If the deal is approved by the Australian Competition and Consumer Commission (ACCC) the merged group would be 49.9% owned by TPG shareholders and 50.1% owned by VHA's existing shareholders, who are its parent companies the Vodafone Group and Hutchinson Telecommunications.
If combined the group would have a market value around $15 billion with EBITDA of $1.8 billion on revenue of $6 billion. It'll also have a combined net debt to EBITDA of 2.2x, which represents a whopping $3,616 million in debt, with TPG contributing $1,672 on top of VHA's $1,944 million plus upcoming debt-funded 5G spectrum payments.
The combined entity will also aim to pay out at least 50% of net profit in dividends with the strong free cash flow generation (associated with the telco sector) likely to prove popular with dividend-hungry institutional investors that recently abandoned TPG on the back of its dividend-demolishing capital investment plans.
TPG also announced plans to "separate" its nascent Singapore mobile services business as part of the deal, with the deal to be completed via an "in specie distribution" presumably of cash or scrip in the Singapore business.
In addition existing TPG shareholders may be in line for a one-off special fully franked dividend if the deal goes ahead and TPG's net debt position is within certain special covenants.
The glue behind the merger is the coming of next generation 5G super-fast mobile network technologies that could offer an alternative to nbn broadband to cost conscious consumers looking to pick up a single household and mobile internet services bill.
The merger will also bring substantial cost savings for both businesses in the terms of cutting call centre support costs, sharing backhaul networks, and existing mobile infrastructure that TPG was in the middle of a costly process of investing in.
Moreover, there's also the potential both companies can cross-sell products to consumers with the "bundling" of mobile and home internet services (at a relative discount for the consumer) a key sales strategy in the fight for market share of telco giants like Optus, Telstra, TPG and Vodafone.
After news of the deal officially hit the market Telstra's share price rose strongly as investors bet that a new triumvirate of Optus, Telstra and TPG would refrain from engaging in a mobile price war given the market would be large enough to sustain profitable pickings for three major players.

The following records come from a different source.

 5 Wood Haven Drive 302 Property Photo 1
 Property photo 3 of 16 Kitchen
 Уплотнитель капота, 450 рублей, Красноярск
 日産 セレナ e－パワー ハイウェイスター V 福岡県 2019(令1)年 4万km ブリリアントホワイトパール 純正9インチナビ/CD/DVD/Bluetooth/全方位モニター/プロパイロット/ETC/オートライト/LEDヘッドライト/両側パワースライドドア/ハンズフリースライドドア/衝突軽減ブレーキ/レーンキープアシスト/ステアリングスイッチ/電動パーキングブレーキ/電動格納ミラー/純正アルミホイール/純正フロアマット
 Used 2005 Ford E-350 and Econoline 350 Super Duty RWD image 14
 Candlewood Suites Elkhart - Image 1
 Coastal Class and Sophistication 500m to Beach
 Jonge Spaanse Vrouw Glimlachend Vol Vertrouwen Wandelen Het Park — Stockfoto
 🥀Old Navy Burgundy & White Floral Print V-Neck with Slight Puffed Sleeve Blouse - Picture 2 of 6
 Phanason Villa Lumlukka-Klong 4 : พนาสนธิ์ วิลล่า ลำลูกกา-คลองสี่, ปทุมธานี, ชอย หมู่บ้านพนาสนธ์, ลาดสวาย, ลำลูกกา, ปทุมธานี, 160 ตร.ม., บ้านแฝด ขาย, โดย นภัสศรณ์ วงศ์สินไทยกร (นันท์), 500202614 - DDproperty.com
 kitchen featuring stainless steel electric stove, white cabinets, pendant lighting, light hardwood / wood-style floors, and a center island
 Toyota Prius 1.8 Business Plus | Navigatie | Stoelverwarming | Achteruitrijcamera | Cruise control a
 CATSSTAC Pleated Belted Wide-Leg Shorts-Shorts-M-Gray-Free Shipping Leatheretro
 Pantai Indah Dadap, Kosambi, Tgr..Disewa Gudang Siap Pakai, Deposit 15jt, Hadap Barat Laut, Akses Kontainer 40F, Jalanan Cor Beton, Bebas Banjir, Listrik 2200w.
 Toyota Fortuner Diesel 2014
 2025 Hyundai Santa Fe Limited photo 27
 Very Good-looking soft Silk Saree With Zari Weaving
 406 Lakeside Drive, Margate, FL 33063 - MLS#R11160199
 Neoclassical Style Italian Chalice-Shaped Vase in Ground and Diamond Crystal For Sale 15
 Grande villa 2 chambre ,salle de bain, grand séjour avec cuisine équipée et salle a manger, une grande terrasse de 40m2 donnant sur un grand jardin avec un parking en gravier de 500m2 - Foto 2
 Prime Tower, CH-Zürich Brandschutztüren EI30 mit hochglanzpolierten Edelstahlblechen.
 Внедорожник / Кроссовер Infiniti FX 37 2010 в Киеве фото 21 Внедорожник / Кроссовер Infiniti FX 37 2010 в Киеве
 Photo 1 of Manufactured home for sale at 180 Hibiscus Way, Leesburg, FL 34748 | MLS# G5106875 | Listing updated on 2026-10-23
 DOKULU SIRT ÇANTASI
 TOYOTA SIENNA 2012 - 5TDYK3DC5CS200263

This may true to an extent and a short-term benefit to Telstra, but over the medium term I expect the deal will prove another negative to Telstra investors as TPG's superior management and operational performance see it attack Telstra's margins and take its market share.
As such I'd use strength in the Telstra share price to exit a position in a business that looks likely to keep shrinking over the long term.
For TPG shareholders the significant obstacle ahead is the ACCC's approval, which is likely to rest on the argument that the merger diminishes a duopoly rather than creates an oligopoly.